Personal information
- Full name: Martino Olivetti
- Date of birth: 24 May 1985 (age 40)
- Place of birth: Mantua, Italy
- Height: 1.80 m (5 ft 11 in)
- Position(s): Midfielder; forward;

Youth career
- Mantova
- Chievo
- 2003–2004: A.C. Milan

Senior career*
- Years: Team / Apps / (Gls)
- 2004–2006: A.C. Milan / 0 / (0)
- 2004–2005: → Vis Pesaro (loan) / 31 / (0)
- 2005–2006: → SPAL (loan) / 31 / (1)
- 2006–2007: Chievo / 0 / (0)
- 2006–2007: → Prato (loan) / 29 / (2)
- Total:  / 91 / (3)

= Martino Olivetti =

Italian footballer

Martino Olivetti (born 24 May 1985) is a former Italian footballer.

==Biography==
Born in Mantua, Lombardy, Olivetti started his career at Mantova, then Chievo at Verona, Veneto. In 2003, he was sold to A.C. Milan in co-ownership deal for €1 million. That season, also saw Chievo signed Paolo Sammarco in another co-ownership deal, for €1.1 million. After a season at Primavera Team. He was loaned to Serie C1 and C2 for Vis Pesaro and SPAL, where he played as a regular starter. In June 2006, Chievo bought back Olivetti for €250,000 (shown in the financial filing as €1 million financial debt minus €750,000 financial income of Milan) and Sammarco went back to Milan for undisclosed fee, but returned to Chievo on loan, but Olivetti went to Serie C2 side Prato for another season.
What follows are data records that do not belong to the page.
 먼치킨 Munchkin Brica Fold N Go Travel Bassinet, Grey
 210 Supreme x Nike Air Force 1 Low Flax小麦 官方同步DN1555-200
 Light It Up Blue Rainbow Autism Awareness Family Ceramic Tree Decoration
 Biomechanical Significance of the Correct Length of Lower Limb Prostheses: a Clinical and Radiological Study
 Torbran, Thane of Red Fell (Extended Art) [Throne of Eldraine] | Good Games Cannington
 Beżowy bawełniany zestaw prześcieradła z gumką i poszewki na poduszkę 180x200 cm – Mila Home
Olivetti then terminated his contract with Chievo and retired. He told the press he was a victim of false accounting.

In June 2008, Olivetti and Sammarco appeared in an FIGC announcement. The Italian FA announced, after investigation found Chievo had inflated the price of Olivetti in order to gain false profit, and other means of false accounting, in order to pass the financial test, made Chievo would be the 7th club to be punished after A.C. Milan, Inter, Sampdoria, Genoa, Reggina and Udinese.